All the Shades of Grief by Ellora Sutton (Nightingale & Sparrow)

In this vibrant debut pamphlet, Ellora Sutton excavates grief to discover the beautiful, the ugly, the playful and the startling. One could argue that mourning is much-explored terrain in poetry, covered by poets throughout the ages, from Shakespeare to Emily Berry in her acclaimed 2017 collection Stranger, Baby yet Sutton’s pamphlet brings new truths about grief and its countless ‘shades’ to the table.

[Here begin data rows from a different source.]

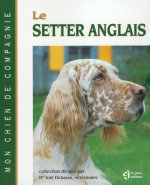 LE SETTER ANGLAIS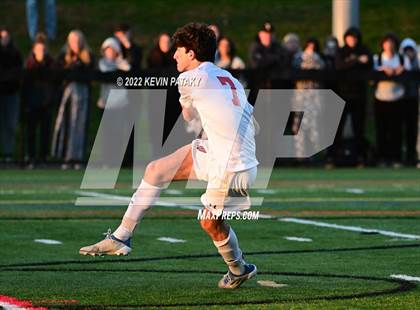 Thumbnail 3 in Greenwich @ Trumbull (CIAC Class LL 2nd Round) photogallery.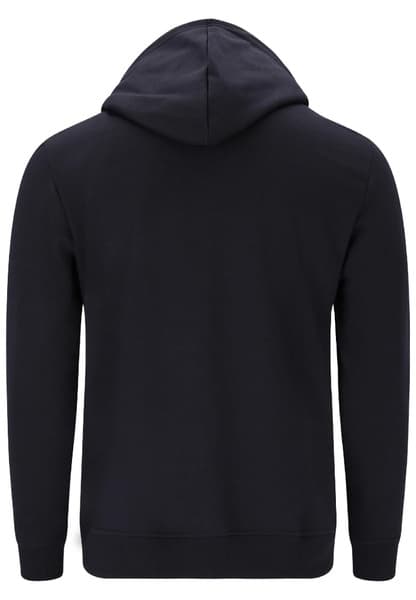 Toluo M Hoody Blue Nights, view: 1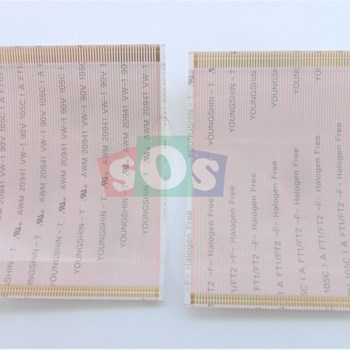 کابل-فلت-تیکان-به-پنل-سامسونگ-40EH5550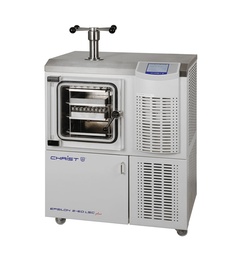 Vriesdroger Epsilon 2-6D LSCplus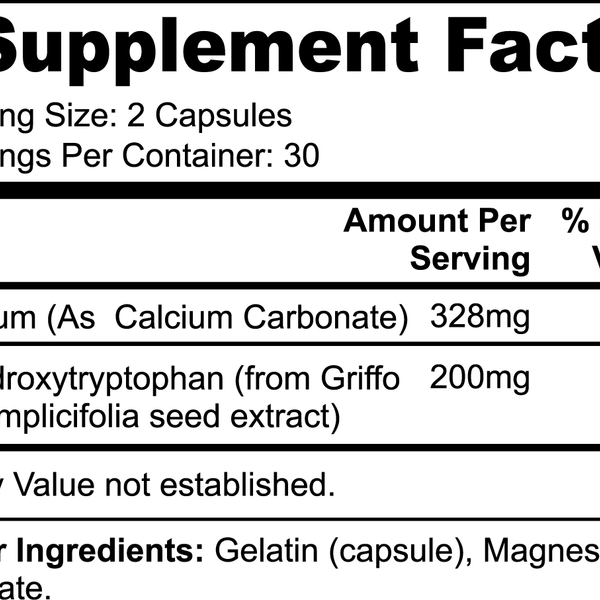 5-HTP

Sutton’s imagery is bold and striking. The pamphlet opens with the visceral: ‘Darling – / if I could, I’d dislocate my jaw like one of those snakes / and float my soul out to you’, and with the speaker crying ‘molten gold’. Later, there is a dead badger ‘spangled with flies’, an empty pickled onion crisp packet ‘squeezed until (it is) a dead rat’, a portrait of loss as ‘a passport with a corner cut’, a woman in the moon tucked up like ‘a sweet red adzuki bean’, a radio that forecasts rain ‘before demonstrating / beautifully / with Mozart’. This confidence in use of imagery and metaphor – the ability to convincingly declare that a horse ‘melts / to a Greek chorus on the bank’ – is enthralling.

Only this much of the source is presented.